Si l’intégration de la Suisse dans l’Europe piétine, c’est aussi parce que les Alémaniques craignent de voir leur dialecte disparaître, écrasé sous la suprématie germanique. Pourquoi ne pas faire du Suisse allemand la langue officielle du pays?

Le débat en cours au parlement sur l’initiative «Oui à l’Europe» prend une tournure délicieusement helvétique. L’Europe? On y va sans y aller, on y pense sans trop y réfléchir, on dit ni oui ni non, mais bien au contraire… Cette semaine, le Conseil des Etats va sans aucun doute se rallier avec enthousiasme à ce surplace effréné.

«Normal!», rétorquerez-vous, puisque les députés représentent le peuple et que le peuple ne sait pas très bien que faire. D’accord, mais à ce point? Ne pourrait-on pas attendre de la part de nos politiciens un peu plus d’élévation de vue, l’ébauche d’une approximation même vague d’un destin autre que celui de boutiquiers cramponnés à leurs caisses enregistreuses? Peut-on vraiment laisser le p’tit Frey de Neuchâtel répandre dans les médias sa bonne conscience autosatisfaite comme si le bon peuple allait à jamais applaudir son allègre rondeur de perpétuel «neinsager»? Ou Couchepin distribuer doctement bons et mauvais points avec son assurance de premier de classe que rien ne saurait ébranler? Mine de rien, jour après jour, ces gens-là nous enveloppent dans leur médiocrité et finiront par faire de nous de vrais ploucs dans un pays qui a pourtant tourné la page rurale.

Un homme toutefois s’est distingué dans ce débat en insistant sur une des raisons profondes du malaise suisse. Il s’appelle Jacques Neirynck, intellectuel polyvalent, capable d’être prof à l’EPFL tout en écrivant des romans à thèse ou de profiter de sa retraite pour faire de la politique.
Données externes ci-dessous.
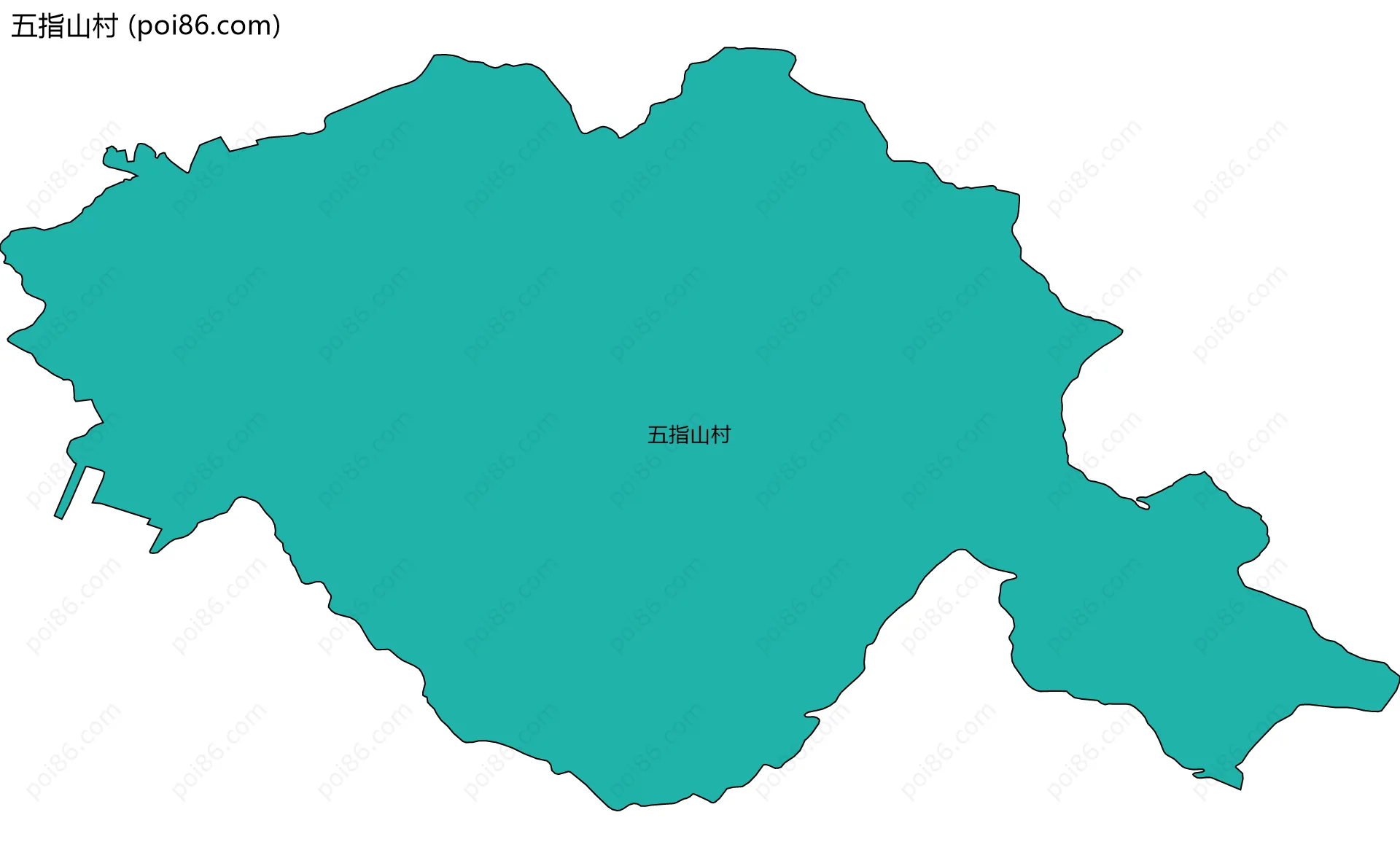 五指山村边界地图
Au Conseil national comme dans une tribune libre de «dimanche.ch», il a fait remarquer que le débat sur l’Europe masque l’essentiel, le trouble de l’identité suisse-alémanique. «Les Romands, écrit-il, ne perdraient pas leur langue en entrant dans l’Union européenne tandis que ce serait le contraire pour les Alémaniques. Or les dialectes alémaniques définissent l’identité d’une nation. On persuadera les Alémaniques de rentrer dans l’Europe lorsque cette appréhension aura été prise au sérieux.»

Neirynck soit de quoi il parle: Belge d’origine, il a consacré un roman aux problèmes qui affaiblissent son pays natal («Le siège de Bruxelles», Desclée De Brouwer, 1996).

Ce problème de la schizophrénie linguistique des Alémanique qui se donnent constitutionnellement une langue officielle (le Hochdeutsch) qui n’est pas celle qu’ils parlent et qui, de surcroît, l’imposent, en raison de leur poids politique et économique, aux minorités franco- et italophones qui gravitent dans leur orbite est central pour l’avenir de la Suisse.

Un livre, récemment paru, permet de saisir l’importance de cette question. Il s’agit de «La création des identités nationales» d’Anne-Marie Thiesse (Ed. du Seuil, 1999) dont j’avais longuement rendu compte dans une page Eclairage du Temps, le 20 avril 1999.

En conclusion de mon article, je notais que la Suisse alémanique dispose théoriquement de tous les attributs d’une nation (elle est majoritaire dans un espace homogène) mais se prive d’un élément essentiel, la langue. Je me demandais si, pour débloquer la crise identitaire que cette situation anormale impose à tout le pays, la solution ne serait pas de faire d’un dialecte alémanique codifié en bonne et due forme la langue officielle et nationale à la place du Hochdeutsch. Les Pays-Bas s’étant flaminguisés, pourquoi la Suisse ne s’alémaniserait-elle pas?

Je le sais, l’histoire des Pays-Bas n’est pas celle de la Suisse, leur assurance identitaire date d’une époque où les Provinces Unies dominaient l’économie mondiale, ce qui n’a jamais été le cas de la Suisse alémanique que les tressautements identitaires allemands ont toujours terrifiée. De plus, ce sont les Alémaniques eux-mêmes qui doivent se prendre en main, nous ne pouvons le faire à leur place. Pis même, le manque de communication est tel en ce pays que nous ne pouvons même pas lancer le débat en suggérant quelques idées.

Comme celle-ci par exemple: puisque le dialecte tend à dominer la radio et la télévision alémaniques, pourquoi le «Blick», journal populaire pro-européen, ne lancerait-il pas une édition en dialecte? Cela dégagerait le terrain et contribuerait à la disparition de cette malheureuse schizophrénie linguistique.